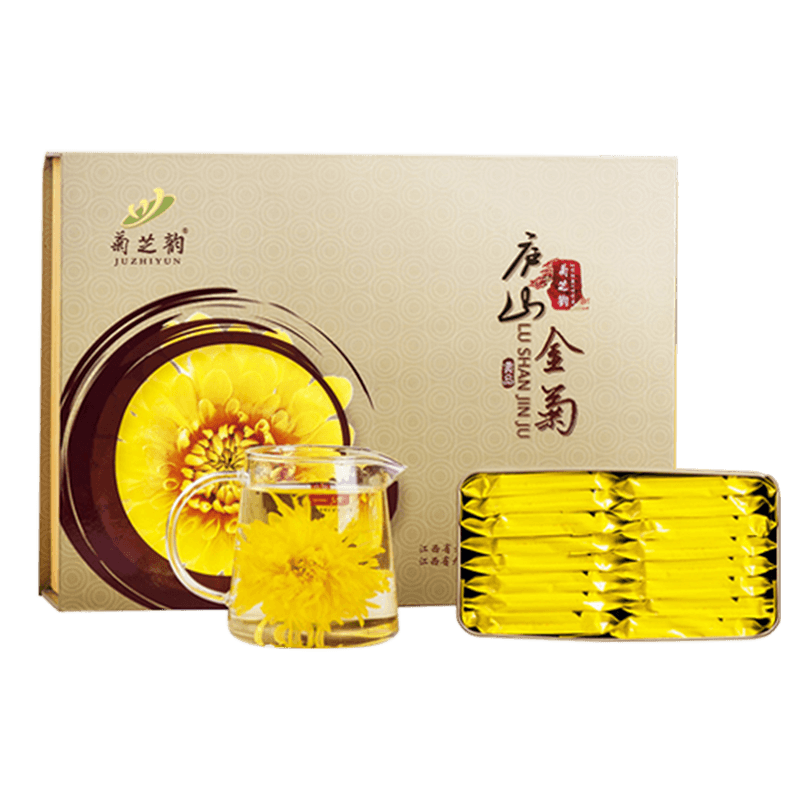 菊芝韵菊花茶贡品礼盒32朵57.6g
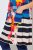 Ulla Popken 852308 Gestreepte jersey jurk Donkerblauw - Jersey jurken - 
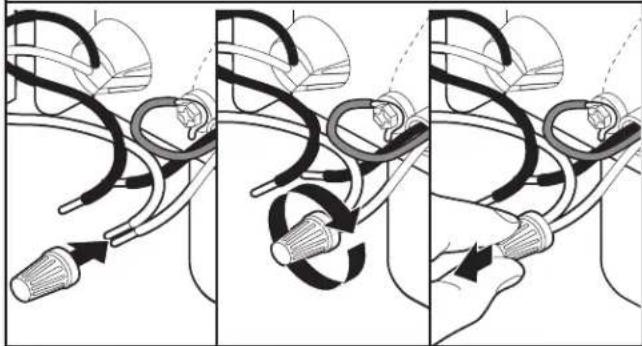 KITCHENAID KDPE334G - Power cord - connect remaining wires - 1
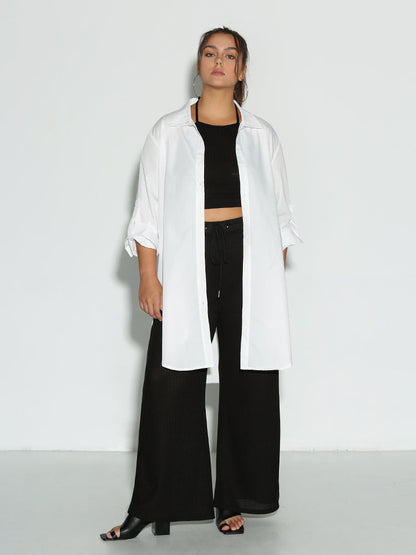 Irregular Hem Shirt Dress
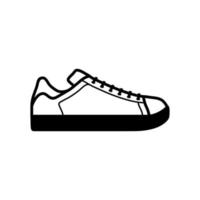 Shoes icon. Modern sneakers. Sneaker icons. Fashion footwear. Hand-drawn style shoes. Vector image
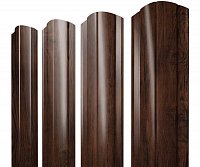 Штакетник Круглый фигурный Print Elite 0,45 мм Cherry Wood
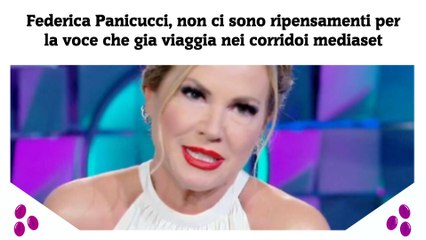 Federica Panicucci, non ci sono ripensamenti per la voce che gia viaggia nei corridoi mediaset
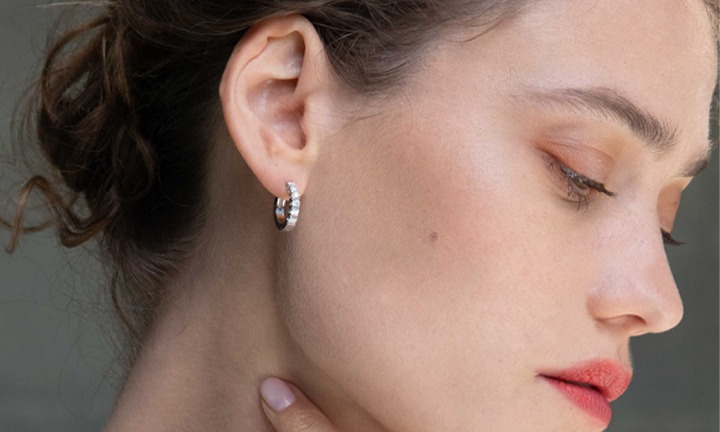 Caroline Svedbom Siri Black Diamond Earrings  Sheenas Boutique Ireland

● **Task instructions**: Leaving every picture out, return the lines from the one containing "Irregular Hem Shirt Dress" through the last line of the records exactly.

● **Answer to this task**:
 Irregular Hem Shirt Dress
 Shoes icon. Modern sneakers. Sneaker icons. Fashion footwear. Hand-drawn style shoes. Vector image
 Штакетник Круглый фигурный Print Elite 0,45 мм Cherry Wood
 Federica Panicucci, non ci sono ripensamenti per la voce che gia viaggia nei corridoi mediaset
 Caroline Svedbom Siri Black Diamond Earrings  Sheenas Boutique Ireland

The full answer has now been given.